Aujourd’hui en Irak il se passe la même chose : je vois d’autres familles touchées maintenant et c’est pour ça que je ne peux pas rester les mains croisées. Je me souviens quand j’ai retrouvé ma famille : c’était toute ma joie et quand je vois des familles arriver de partout à Erbil, à Dohuk, à Slemaniah dans une situation inhumaine, manquant des choses les plus simples de la vie, que ce soit pour manger et boire et tout le reste… Beaucoup pensent à quitter mais beaucoup aussi pensent à revenir chez eux même s’ils ne peuvent pas le faire. Il faut pour cela l’intervention d’une force internationale, la coalition internationale car il s’agit d’un projet, d’un agenda infernal que je qualifie également d’international car le terrorisme est bien international en Irak. Les terroristes viennent du monde entier : ils viennent d’Europe, d’Australie, d’Amérique, du Canada. C’est comme s’ il y avait un projet que je qualifie de film d’Hollywood bien organisé, avec un scénario en place mais il faut un temps pour que ça finisse et on pourrait y mettre fin. Les attaques américaines aident pas mal mais elles ne sont pas aussi ciblées qu’on le voudrait. Par exemple, on a tous les jours des contacts avec la plaine de Ninive, à Qaraqosh, à Qaramlèze, dans toutes ces agglomérations bien denses de chrétiens. Ils nous disent que le matin ils voient 3, 4, 5 voitures pleines de gens armés qui viennent et vont voler dans les maisons laissées ouvertes car les gens n’imaginent pas que l’on puisse venir voler comme ça en plein jour et le soir ces gens-là s’en vont. Donc on pourrait en finir avec ces voleurs, mettre fin à leurs pillages.
Question : Pourrait on dire que la présence des chrétiens dans une société est garante de la liberté de religion ?

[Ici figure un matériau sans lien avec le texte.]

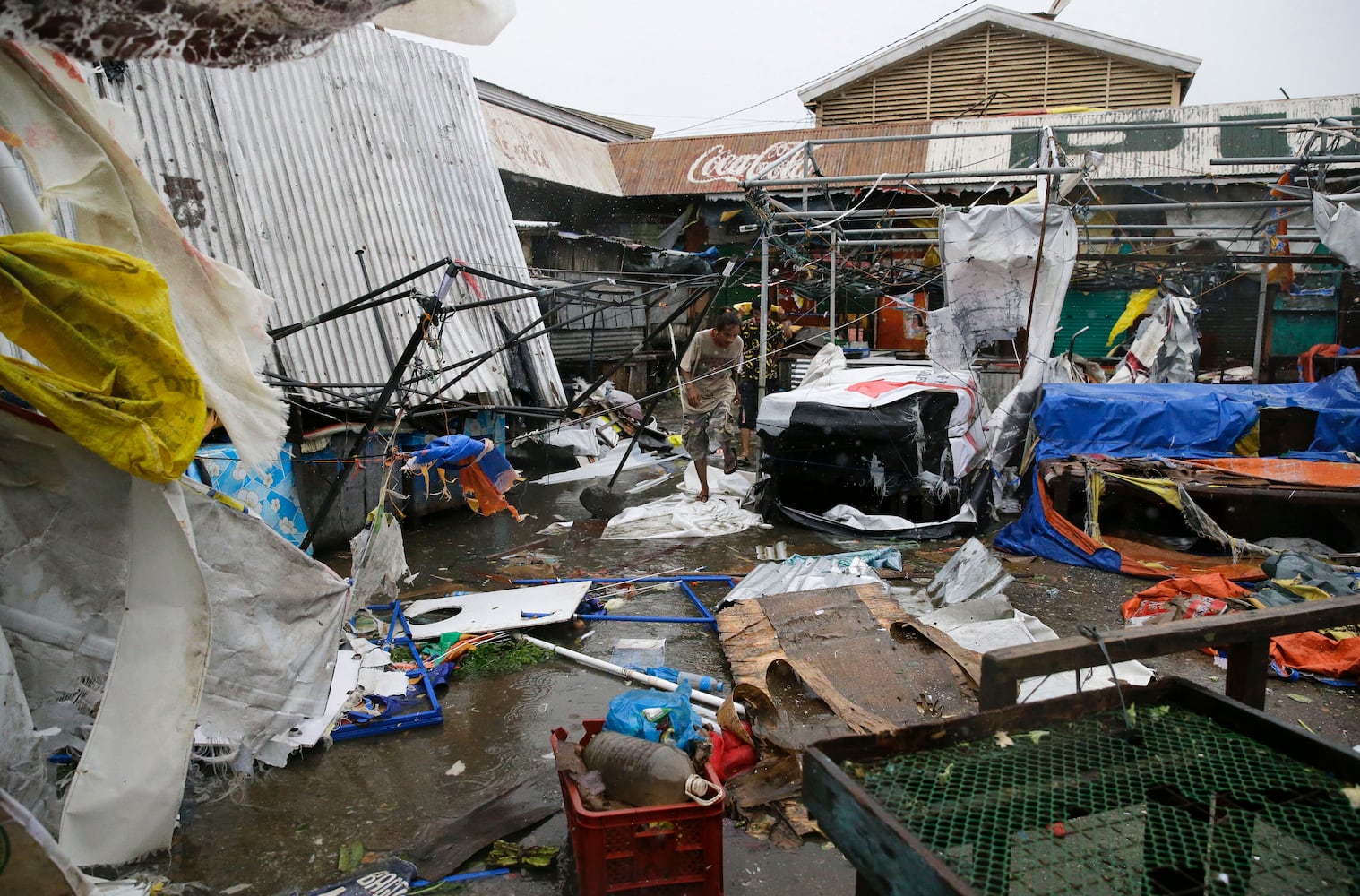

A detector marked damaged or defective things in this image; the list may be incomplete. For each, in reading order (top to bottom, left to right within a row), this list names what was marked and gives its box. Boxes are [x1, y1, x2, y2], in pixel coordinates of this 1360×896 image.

torn white tarpaulin [0, 44, 287, 464]
rusty corrugated sheet [94, 24, 563, 410]
rusty corrugated sheet [617, 121, 935, 195]
torn white tarpaulin [935, 203, 1072, 470]
torn white tarpaulin [1104, 287, 1201, 385]
torn white tarpaulin [1305, 193, 1360, 270]
torn white tarpaulin [603, 464, 772, 543]
damaged stall roof [756, 346, 990, 535]
damaged stall roof [995, 366, 1360, 579]
torn white tarpaulin [2, 410, 350, 865]
torn white tarpaulin [397, 582, 590, 639]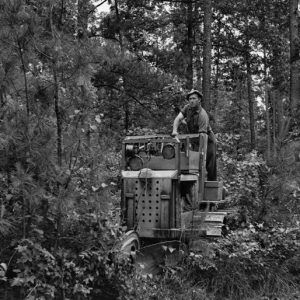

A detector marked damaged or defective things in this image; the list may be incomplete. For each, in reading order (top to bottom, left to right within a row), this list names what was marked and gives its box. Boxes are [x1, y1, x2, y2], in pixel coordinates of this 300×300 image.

rusty metal cab [120, 134, 225, 241]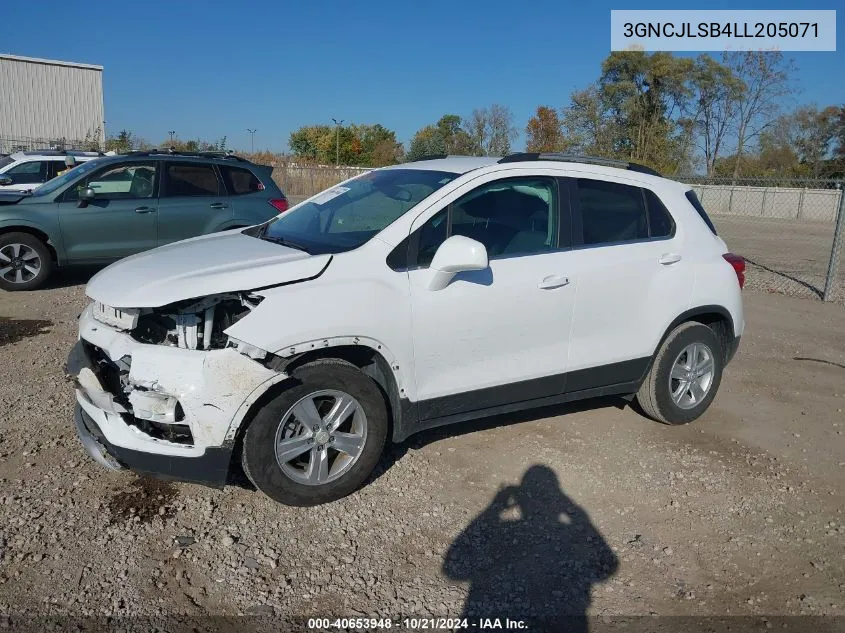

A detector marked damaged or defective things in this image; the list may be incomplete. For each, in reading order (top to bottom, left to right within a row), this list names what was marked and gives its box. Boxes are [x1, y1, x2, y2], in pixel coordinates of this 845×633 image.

damaged front end [67, 294, 290, 486]
crumpled front bumper [67, 304, 290, 486]
broken headlight area [126, 292, 260, 354]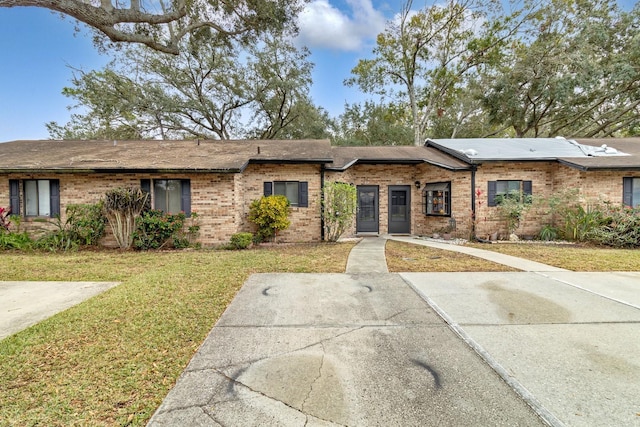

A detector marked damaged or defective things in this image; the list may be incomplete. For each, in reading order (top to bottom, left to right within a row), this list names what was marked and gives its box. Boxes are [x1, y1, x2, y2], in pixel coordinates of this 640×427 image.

cracked concrete pavement [149, 276, 544, 426]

Réponse : On a fait l’expérience de la laïcité depuis des années, mais ce n’est n’est pas seulement d’une religion qu’il s’agit, c’est d’une culture bien enfoncée dans notre histoire, les valeurs chrétiennes font du bien à la société. Nos amis musulmans le disent : « Pourquoi êtes-vous visés alors que vous faites du bien au pays. Pourquoi est-ce que nous vous chassons ? » Les chrétiens ne tuent pas, ils pardonnent, ils prient et ils portent témoignage, nous ne le voyons pas encore très bien mais ceux d’en face le voient et cela peut être le début d’un changement de vie. La laïcité est la première ciblée (victime ndlr) par l’incompréhension et l’ignorance de ceux qui disent qu’au nom de la laïcité on écarte toutes les valeurs. Sans les valeurs je ne vois pas la différence entre une personne humaine et une vache !

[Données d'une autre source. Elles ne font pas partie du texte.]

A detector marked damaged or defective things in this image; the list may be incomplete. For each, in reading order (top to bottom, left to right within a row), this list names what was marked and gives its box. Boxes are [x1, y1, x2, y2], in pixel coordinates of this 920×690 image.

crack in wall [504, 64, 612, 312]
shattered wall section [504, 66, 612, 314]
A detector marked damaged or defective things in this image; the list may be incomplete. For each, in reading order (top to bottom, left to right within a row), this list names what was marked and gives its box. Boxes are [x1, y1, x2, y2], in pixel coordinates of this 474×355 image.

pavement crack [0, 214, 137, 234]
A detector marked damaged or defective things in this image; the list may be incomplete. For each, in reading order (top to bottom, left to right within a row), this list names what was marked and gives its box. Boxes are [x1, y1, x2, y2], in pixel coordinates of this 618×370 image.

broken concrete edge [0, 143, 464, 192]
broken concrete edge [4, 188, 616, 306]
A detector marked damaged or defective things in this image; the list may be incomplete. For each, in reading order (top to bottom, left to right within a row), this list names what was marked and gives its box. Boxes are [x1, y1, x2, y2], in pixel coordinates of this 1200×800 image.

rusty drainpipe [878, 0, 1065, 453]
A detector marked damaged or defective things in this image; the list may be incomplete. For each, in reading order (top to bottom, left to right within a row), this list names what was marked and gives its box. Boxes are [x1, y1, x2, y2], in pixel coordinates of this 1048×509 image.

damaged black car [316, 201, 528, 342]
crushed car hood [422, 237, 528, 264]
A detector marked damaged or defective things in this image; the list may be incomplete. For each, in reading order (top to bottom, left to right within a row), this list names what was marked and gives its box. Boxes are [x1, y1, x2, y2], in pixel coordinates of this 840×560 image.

Question : Merci beaucoup d’avoir donné votre témoignage et…. à bientôt à Paris ?
Pascale : Oui! je suis heureuse de vous avoir rencontré toutes, c’était un rêve pour moi, c’est le temps des femmes et nous devons être des leaders et agir avec les hommes dans la complémentarité (rires). C’est une joie pour moi d’être avec mes sœurs dans la foi, dans le Christ. C’est très important pour moi ! Les femmes aujourd’hui sont la nécessité de notre temps. Alors je mets fortement l’accent là-dessus : les femmes sont demandées pour notre temps d’aujourd’hui que ce soit au point de vue mission, évangélisation, réorganisation d’une société plus humaine où la place de la famille doit être renforcée car depuis trois décennies je dirais, on a perdu ce sens. Je dis trois décennies car je sens que la situation est très différente de ce que j’ai vécu quand je suis venue en France tout début 1980.